Or, dans Auto-Uchronia, dès 1965, tout déraille. Après une interdiction paternelle particulièrement injuste, Francis obtient la permission d’une sortie pour des achats de fournitures qui lui laisse « le sentiment de n’être qu’un carnet de notes sur pattes ». C’est à cette occasion qu’il fait la connaissance de Martial, un libraire gay de vingt-huit ans originaire du Sud-Ouest. Devant le désarroi de l’étudiant, Martial lui fait une proposition qui peut tout changer : partir de chez ses parents, abandonner ses études et se consacrer à la littérature. Pour cela, le libraire lui assure un logement et un travail à la librairie. Mais, à l’époque, la majorité civile est de vingt-et-un ans, Francis doit donc aussi prendre une fausse identité, légèrement plus âgée, pour échapper clandestinement à la tutelle de ses parents, et éviter l’accusation de détournement de mineur. Une autre existence est-elle possible ?

Malgré son titre, Auto-Uchronia ne peut pas vraiment être une uchronie : au sens strict, l’uchronie revisite l’histoire au niveau mondial ou national, en imaginant une autre issue à un important événement historique. Le dernier roman de Francis Berthelot relève plutôt de l’autofiction : le narrateur et personnage principal porte bien le nom de l’auteur, ils partagent en commun plusieurs éléments de leur vie, mais des différences apparaissent, la fiction transforme la réalité et détourne de son chemin tout tracé ce qui s’annonçait comme un récit autobiographique. Si les anecdotes finement racontées dans la première moitié sont assurément authentiques, la volonté de se distancer de la réalité transparaît déjà dans le choix de modifier les prénoms des proches : le frère aîné, ce n’est pas le mathématicien Pierre Berthelot, disparu en décembre 2023, mais un Serge tout aussi généreux et adoré.

La différence entre uchronie et autofiction étant admise, l’auteur adopte cependant bien un des traits définitoires de l’uchronie : le point de divergence qui fait basculer le récit historique dans la spéculation, ou ici l’autobiographie dans l’autofiction. À la différence des autres autofictions, genre dont la définition elle-même divise les spécialistes, Auto-Uchronia opère une coupure nette entre une partie purement autobiographique et une partie clairement fictive. Et l’auteur assume ouvertement la volonté d’inventer une « vie rêvée », de réécrire son passé, dans une optique illusoire de modifier la vie.
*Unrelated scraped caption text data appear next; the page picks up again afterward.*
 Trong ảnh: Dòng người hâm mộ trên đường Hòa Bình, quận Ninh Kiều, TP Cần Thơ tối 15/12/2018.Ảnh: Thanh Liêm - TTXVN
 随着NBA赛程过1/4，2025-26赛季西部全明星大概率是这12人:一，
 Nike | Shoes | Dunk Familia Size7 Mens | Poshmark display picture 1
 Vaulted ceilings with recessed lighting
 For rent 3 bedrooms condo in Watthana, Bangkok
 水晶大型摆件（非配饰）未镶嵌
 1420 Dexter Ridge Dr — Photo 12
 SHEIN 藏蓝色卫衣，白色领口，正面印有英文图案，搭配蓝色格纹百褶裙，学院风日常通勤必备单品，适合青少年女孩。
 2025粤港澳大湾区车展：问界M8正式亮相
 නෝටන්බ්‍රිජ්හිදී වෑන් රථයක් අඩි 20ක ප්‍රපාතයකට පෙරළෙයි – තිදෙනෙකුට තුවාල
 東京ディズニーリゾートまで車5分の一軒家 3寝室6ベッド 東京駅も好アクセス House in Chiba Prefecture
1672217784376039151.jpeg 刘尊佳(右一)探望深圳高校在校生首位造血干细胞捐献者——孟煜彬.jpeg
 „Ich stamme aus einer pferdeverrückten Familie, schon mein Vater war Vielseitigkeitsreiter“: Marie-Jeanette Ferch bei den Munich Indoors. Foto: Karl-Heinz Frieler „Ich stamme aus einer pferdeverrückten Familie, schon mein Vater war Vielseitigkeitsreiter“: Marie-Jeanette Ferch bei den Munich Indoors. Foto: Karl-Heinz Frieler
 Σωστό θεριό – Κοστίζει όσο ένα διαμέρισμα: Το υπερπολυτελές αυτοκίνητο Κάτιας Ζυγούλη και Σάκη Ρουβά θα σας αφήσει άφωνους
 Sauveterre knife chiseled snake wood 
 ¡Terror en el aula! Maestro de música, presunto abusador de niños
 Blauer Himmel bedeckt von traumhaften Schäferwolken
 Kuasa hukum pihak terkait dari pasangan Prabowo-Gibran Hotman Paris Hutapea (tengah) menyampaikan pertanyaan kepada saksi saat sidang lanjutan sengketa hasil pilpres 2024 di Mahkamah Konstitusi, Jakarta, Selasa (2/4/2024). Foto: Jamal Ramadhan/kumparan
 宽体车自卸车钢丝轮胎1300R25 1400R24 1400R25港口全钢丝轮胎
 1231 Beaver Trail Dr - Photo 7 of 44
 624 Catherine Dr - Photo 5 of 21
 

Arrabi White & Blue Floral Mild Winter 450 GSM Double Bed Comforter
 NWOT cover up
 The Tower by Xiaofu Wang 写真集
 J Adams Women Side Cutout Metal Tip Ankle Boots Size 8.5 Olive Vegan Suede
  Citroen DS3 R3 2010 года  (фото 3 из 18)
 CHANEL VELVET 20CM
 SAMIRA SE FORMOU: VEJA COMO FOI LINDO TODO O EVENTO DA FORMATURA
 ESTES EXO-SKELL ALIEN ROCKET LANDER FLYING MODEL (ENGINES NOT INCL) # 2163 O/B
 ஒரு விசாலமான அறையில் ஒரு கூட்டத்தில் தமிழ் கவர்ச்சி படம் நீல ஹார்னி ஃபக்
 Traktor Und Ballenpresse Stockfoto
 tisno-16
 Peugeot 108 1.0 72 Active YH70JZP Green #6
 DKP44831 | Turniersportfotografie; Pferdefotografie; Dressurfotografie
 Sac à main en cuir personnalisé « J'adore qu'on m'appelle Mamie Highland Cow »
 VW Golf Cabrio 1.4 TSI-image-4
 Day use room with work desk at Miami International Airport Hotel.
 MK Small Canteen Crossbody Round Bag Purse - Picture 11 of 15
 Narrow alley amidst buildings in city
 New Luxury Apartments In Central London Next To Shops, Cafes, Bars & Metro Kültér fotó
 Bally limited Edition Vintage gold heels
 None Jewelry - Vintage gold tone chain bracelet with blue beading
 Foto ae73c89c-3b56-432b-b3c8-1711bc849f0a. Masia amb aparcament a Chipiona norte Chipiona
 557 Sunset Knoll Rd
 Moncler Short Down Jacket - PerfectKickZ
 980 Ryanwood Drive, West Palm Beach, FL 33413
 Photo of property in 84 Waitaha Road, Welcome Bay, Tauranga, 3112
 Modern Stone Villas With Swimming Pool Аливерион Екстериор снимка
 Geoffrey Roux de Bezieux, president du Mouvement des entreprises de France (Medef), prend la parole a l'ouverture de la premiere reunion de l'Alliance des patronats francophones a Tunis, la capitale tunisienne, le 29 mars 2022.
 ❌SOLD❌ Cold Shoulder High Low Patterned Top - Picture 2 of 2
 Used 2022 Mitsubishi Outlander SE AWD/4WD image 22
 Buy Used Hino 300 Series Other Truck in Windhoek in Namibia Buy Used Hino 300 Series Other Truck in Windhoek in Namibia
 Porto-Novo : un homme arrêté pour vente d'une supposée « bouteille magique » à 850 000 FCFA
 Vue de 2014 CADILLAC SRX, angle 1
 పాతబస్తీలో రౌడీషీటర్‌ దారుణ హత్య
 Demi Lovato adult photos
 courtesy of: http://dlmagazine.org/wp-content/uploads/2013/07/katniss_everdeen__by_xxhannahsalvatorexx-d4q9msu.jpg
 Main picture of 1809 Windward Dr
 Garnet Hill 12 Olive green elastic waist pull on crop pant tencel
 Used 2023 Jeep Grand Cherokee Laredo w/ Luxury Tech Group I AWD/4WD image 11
Il est impossible en effet de revenir dans le passé et de prendre d’autres décisions, en dehors des récits de voyages dans le temps. Mais même dans la réalité, la création est une manière de donner chair à l’irréel et à l’impossible, et avec la parution de cette fugue en zut mineur, la biographie de Francis Berthelot se double désormais de cette vie alternative, de ce passé fantasmatique. Il n’a pas existé, mais sur le papier, il existe.

Ce faisant, Francis Berthelot conjugue la divergence à la rébellion. Ce saut dans la fiction coïncide avec la décision d’embrasser sa sexualité, son homosexualité, mâtinée de sado-masochisme. Un peu avant mai 1968, dans le Paris intellectuel bourgeois, il était certes relativement facile de vivre son homosexualité et une communauté existait déjà, entre autres avec l’association Arcadie et quelques bars et autres lieux de sociabilité. Mais il faudra attendre la rencontre du mouvement de libération des femmes et des émeutes de Stonewall pour que le FHAR (front homosexuel d’action révolutionnaire) bouleverse les certitudes aux Beaux-Arts de Paris, à Vincennes et dans la presse de gauche, avant les avancées des décennies suivantes. Cela n’empêche pas le narrateur-personnage d’Auto-Uchronia de découvrir le monde interlope des homosexuels de l’époque, le couple ouvert et les prémices du BDSM avec Martial, sans oublier les hallucinations provoquées par le LSD sur une plage provençale.

Le roman mérite bien son sous-titre de fugue en zut mineur : fugue il y a, du domicile parental, des études scientifiques et de la triste réalité, vers l’autonomie, la sexualité et la fiction libératrice. Le zut suranné reflète bien le personnage du bon élève qui se rebelle, en mode non pas majeur dans la violence irréparable, mais en mode mineur, en prenant discrètement la tangente, ouvertement mais en évitant les grands cris, en gérant avec prudence et diplomatie le scandale. Le mineur, c’est aussi le Francis de fiction qui à dix-huit ans en 1965 n’a pas encore la majorité civile, ni sexuelle en tant qu’homosexuel. Le clin d’œil à la musique était aussi de mise pour un auteur reconverti en compositeur, et qui a souvent repris le vocabulaire musicologique pour structurer ses romans.

Autobiographie sensible à la prose épurée, rêve d’évasion vers une vie plus libre, réécriture du réel, Auto-Uchronia est tout ceci à la fois, et bien plus. Le roman s’achève trop vite sur cette entrée dans la marginalité et la littérature : on voudrait en savoir plus sur cette carrière d’écrivain imaginaire, sur cette vie de plaisirs interdits qui sera exposée dans les années 1980 aux ravages du sida. Mais quoi ? Il est toujours possible de se replonger dans les romans et nouvelles de Francis Berthelot réellement publiés, ou encore dans les fictions consacrées aux LGBT depuis les années 1960. Ne boudons pas notre plaisir : en s’inventant une nouvelle vie, Francis Berthelot nous invite à revisiter tout aussi bien notre passé et celui de notre culture. Et ce, toujours dans l’optique de la libération et dans la foi en la toute-puissance de la fiction.

Francis Berthelot, Auto-Uchronia ou Fugue en zut mineur, illustrations de Stéphane Perger, éditions Dystopia Workshop, octobre 2023, 223 pages, 15 €.